Toyota uses non conductive liquid to cool the inverters from 1996.
And somewhere I read about someone doing the same with batteries too (sorry, forgot to bookmark it).
Maybe in the Chinese Tesla Model 3 prismatic LFP version ?
 
Yeah. It's the distinction that matters. Not the technicality that they're still lithium ion.

The difference in chemistry absolutely changes the debate at a fundamental level.
 
Lifepo4 is Lithium ion
and yet, if you treat it the same as other Li chemistries, you will likely have bad results. So your campaign to convince everyone that soylent green is people ... er ... LiFePO4 is Li-ion is kinda of irrelevant to the discussion at hand.
 
and yet, if you treat it the same as other Li chemistries, you will likely have bad results. So your campaign to convince everyone that soylent green is people ... er ... LiFePO4 is Li-ion is kinda of irrelevant to the discussion at hand.
his statement was not wrong (in this case). lifepo4 is lithium ion while not all lithium ion is lifepo4. lithium titanate is also lithium ion among several others.

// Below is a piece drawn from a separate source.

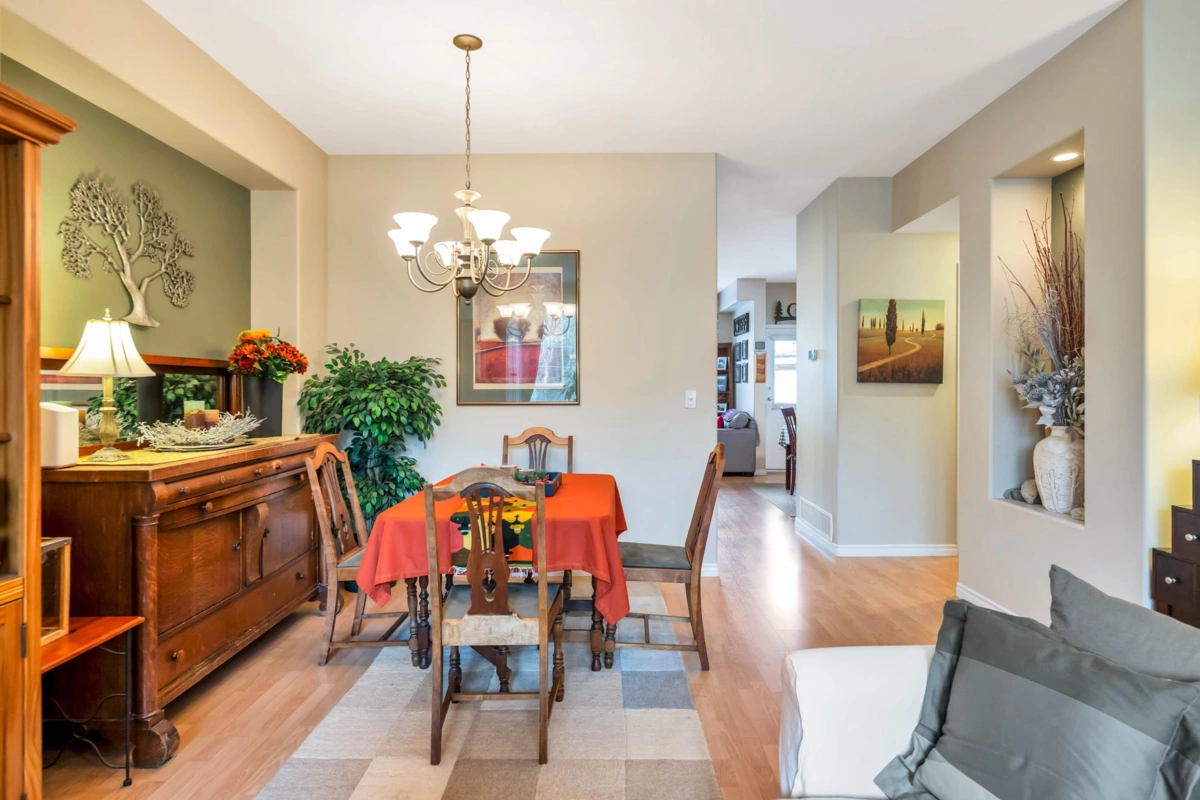 Breakfast Nook Photo of 24121 102a Avenue, Maple Ridge, BC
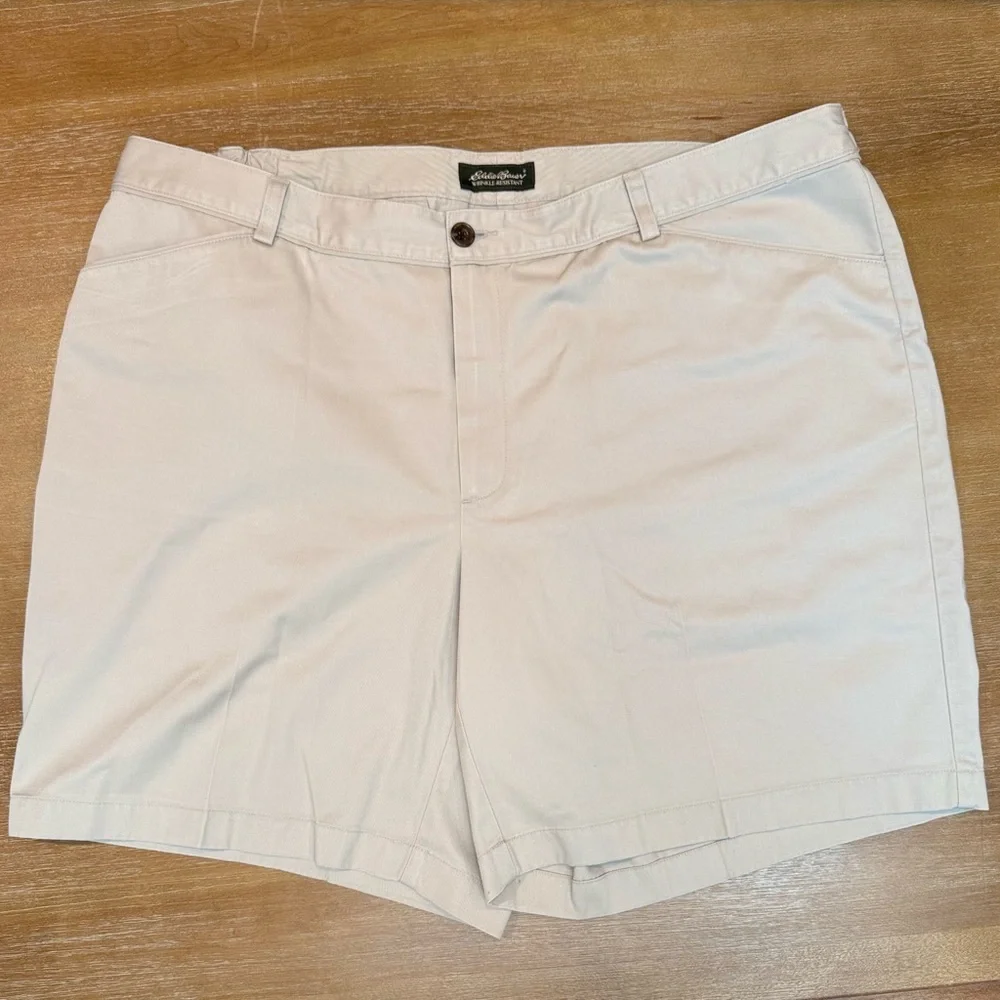 Eddie Bauer Women’s Khaki Shorts Wrinkle Resistant 100% Cotton 10” inseam Sz 22W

He needs to be taught the distinction between the different types of li-ion and why lifepo4 is different. Telling him he's wrong when he isn't is self-serving and has no place in the discussion.
 
his statement was not wrong (in this case). lifepo4 is lithium ion while not all lithium ion is lifepo4. lithium titanate is also lithium ion among several others.

He needs to be taught the distinction between the different types of li-ion and why lifepo4 is different. Telling him he's wrong when he isn't is self-serving and has no place in the discussion.
Didn't say he is wrong. Just pointed out that continuing to assert the statement in the face of explanations as to why it's not a useful aggregation of various Li chemistries does not advance the discussion. If you use the Li-ion setting on chargers that don't "know about" LiFePO4 with that type of battery, you may get bad outcomes.